I need to write PySpark's result to BiqQuery. According to https://github.com/GoogleCloudDataproc/spark-bigquery-connector , i use following:
from pyspark.sql import SparkSession
spark = SparkSession.builder\
.config("spark.jars.packages",\
"com.google.cloud.spark:spark-bigquery-with-dependencies_2.12:0.27.1")\
.getOrCreate()
spark_context = spark.sparkContext
Each attemp of saving,
data.toDF(schema) \
.write.format("bigquery") \
.option("table", "tmp-project:tmpdataset.tmp_table") \
.save()
leads to an exception:
*java.lang.ClassNotFoundException: Failed to find data source: bigquery.
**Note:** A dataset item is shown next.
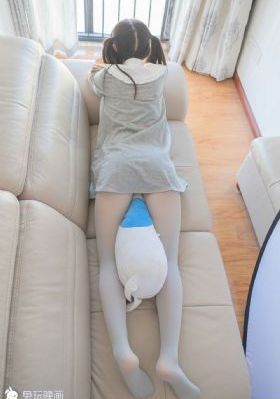 女性向片在线观看_BD韩语电影全集观看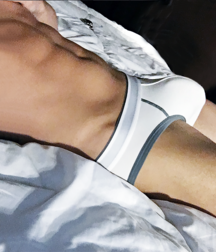 Packages 105 59ae708465bc2.png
Please find packages at http://spark.apache.org/third-party-projects.html*
Also tried, but same result:
pyspark --jars gs://spark-lib/bigquery/spark-bigquery-with-dependencies_2.12-0.27.1.jar
is not available for right now.PySpark version 3.0.0 scala version 2.12.10
The code below returns an empty result:
[spark_context._jsc.sc().jars().apply(i) for i in range(jvc.sc().jars().length())]
UPD
Upgrade spark to 3.1.1, using using local downloaded jar with chmod 777
under it changed behavior, but have not solve the issue yet:
spark_context._jsc.sc().listJars()
returns Vector(spark://<...>.svc:<port>/jars/spark-bigquery-with-dependencies_2.13-0.27.1.jar)
spark_context._jsc.sc().jars()
returns ArrayBuffer(./<...>/spark-bigquery-with-dependencies_2.13-0.27.1.jar)
Also new log appeared:
SparkContext: Added JAR ./<...>/spark-bigquery-with-dependencies_2.13-0.27.1.jar at spark://<...>.svc:<port>/jars/spark-bigquery-with-dependencies_2.13-0.27.1.jar with timestamp <timestamp>
The solution was to copy all jar files to /opt/spark/jars/
. Just keeping this file locally on docker container and load in runtime did not help, but moving to exact this path - helped. If anyone else will bump with this issue, you can try to tune SPARK_CLASSPATH
env - it might also help. SPARK_CLASSPATH
was referenced to /opt/spark/jars/
in my case.